Fabrizio Romano i jego droga na szczyt. Jak jeden człowiek stał się wyrocznią w piłkarskich transferach?
Gdy w świecie futbolu mają miejsce dwa najbardziej gorące okresy, czyli letnie oraz zimowe okienka transferowy, wszyscy patrzą na dziennikarzy sportowych oraz plotki transferowe.

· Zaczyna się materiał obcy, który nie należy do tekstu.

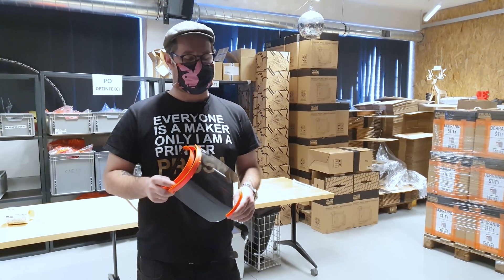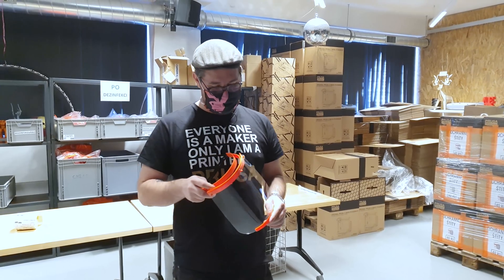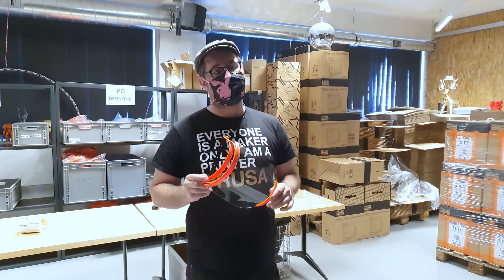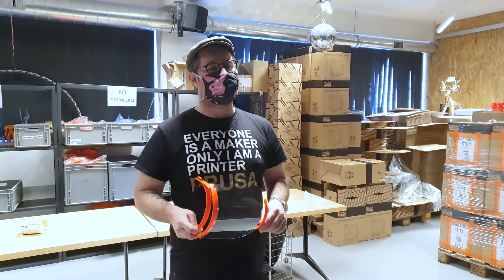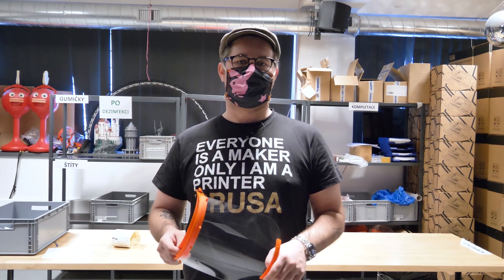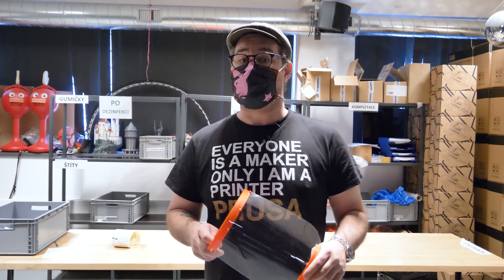They need to sit really comfortably and copy the face. And as I said, they also need to be very sturdy. Imagine an emergency situation when a patient has a heart attack — the doctors don't have time to think about their face shields falling off.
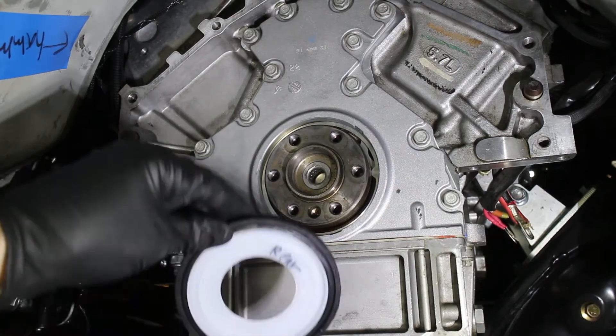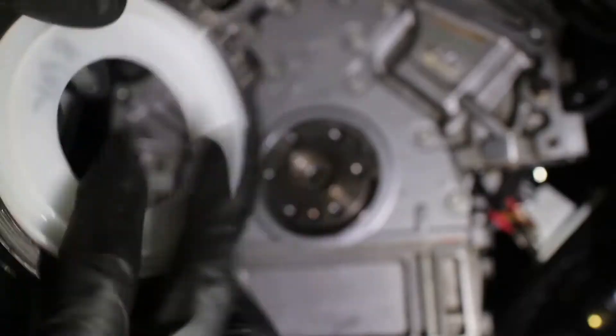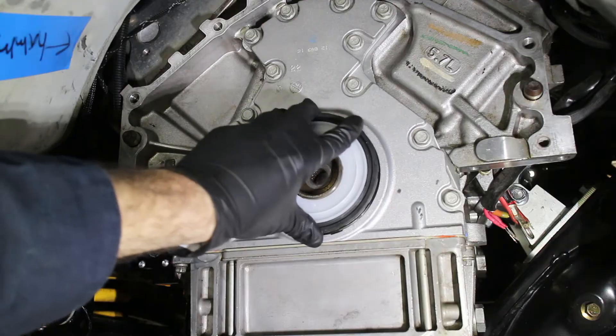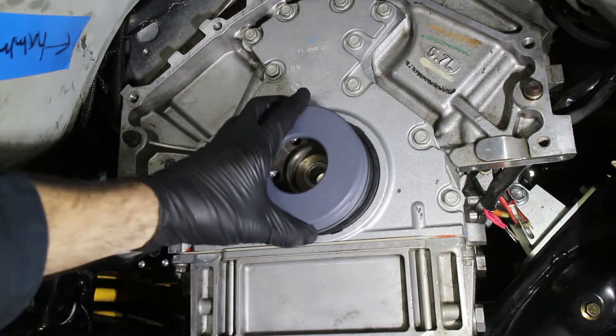And now the main seal. On the main seal itself, there are very small markings that show the orientation, with very small lettering that says 'outside.' The seal is installed dry, then the alignment tool is used to tap the seal into place. And that's it.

Kibice drużyn piłkarskim nie mają w sobie tyle cierpliwości, aby czekać na oficjalne potwierdzenia klubów ws. transferów, więc regularnie śledzą w internecie informacje przekazywane przez różne gazety, stacje telewizyjne oraz dziennikarzy sportowych. W tej branży kluczem jest jednak rzetelność i brak pomyłek. Kibice od dawna już nie przykładają uwagi do tego co piszą brukowce, które szukają jedynie sensacji. Wierzą oni natomiast takim osobom jak: David Ornstein, Christian Falk, Gianluca Di Marzio…oraz Fabrizio Romano.

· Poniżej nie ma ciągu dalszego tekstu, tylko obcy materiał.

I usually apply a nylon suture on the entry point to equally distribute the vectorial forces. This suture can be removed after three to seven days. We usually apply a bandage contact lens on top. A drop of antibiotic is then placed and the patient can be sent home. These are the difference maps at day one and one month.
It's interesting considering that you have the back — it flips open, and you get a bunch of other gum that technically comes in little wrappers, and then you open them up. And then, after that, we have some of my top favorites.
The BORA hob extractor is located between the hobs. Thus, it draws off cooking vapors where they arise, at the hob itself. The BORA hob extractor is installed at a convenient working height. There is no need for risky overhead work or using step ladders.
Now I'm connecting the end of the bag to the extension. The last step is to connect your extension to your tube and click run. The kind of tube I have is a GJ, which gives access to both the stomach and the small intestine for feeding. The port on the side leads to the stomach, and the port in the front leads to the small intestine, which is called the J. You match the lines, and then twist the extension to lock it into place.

Zobacz też: Transfer roku dopięty? Padło słynne “here we go”
Ten ostatni w ciągu kilku lat stał się niejako symbolem rzetelności i sprawdzonych informacji. Nie bez powodu kibice często powtarzają frazę – “Jeśli Fabrizio powie, że księżyc nie istnieje, to ja mu uwierzę“. Jaka była jednak droga na szczyt włoskiego dziennikarza, który nie rozstaje się z telefonem?

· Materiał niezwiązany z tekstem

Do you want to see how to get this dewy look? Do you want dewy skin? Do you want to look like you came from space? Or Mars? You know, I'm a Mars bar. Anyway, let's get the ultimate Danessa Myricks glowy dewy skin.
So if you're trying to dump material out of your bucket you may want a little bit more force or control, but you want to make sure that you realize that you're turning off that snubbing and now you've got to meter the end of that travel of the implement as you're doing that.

Karierę dziennikarską rozpoczął w wieku 18 lat
Włoski dziennikarz karierę rozpoczął w wieku zaledwie 18 lat. Wtedy otrzymał informację od jednego z agentów piłkarskich na temat tego, że FC Barcelona interesuje się Mauro Icardim. Rok później Włoch pracował już w jednej z najbardziej renomowanych stacji – Sky Italia. Romano przez lata budował swoją pozycję na dziennikarskim rynku, współpracując m.in. z takimi podmiotami jak: The Guardian oraz CBS Sport.
Od kilku lat dziennikarz jest już jednak jednoosobową instytucją, nie podaje on niesprawdzonych informacji. Romano czeka i mimo tego, że nie podaje wiadomości o konkretnych transferach jako pierwszy, to, gdy tylko padnie słynne Here we go! to już wiadomo, że transfer dojdzie do skutku. O tym jak popularny jest dziennikarz świadczy chociażby jego konto na Twitterze, gdzie najczęściej informuje on fanów futbolu o plotkach transferowych. Obserwuje go 9 milionów użytkowników.
Klucz do sukcesu Fabrizio Romano leży przede wszystkim w niesamowicie rozbudowanej sieci kontaktów. Rozmawia on z najważniejszymi agentami piłkarskimi na świecie, a każdy z nich chce wypromować swojego klienta właśnie u Fabrizio Romano.
Dziennikarz mówi płynnie w 4 językach: włoskim, angielskim, hiszpańskim oraz portugalskim. Nie bez znaczenia jest również miasto, w którym mieszka. Jak sam twierdzi, jego zdaniem Mediolan to “stolica transferów” w świecie piłki nożnej, a to powoduje, że łatwo jest mu koordynować swoją pracę.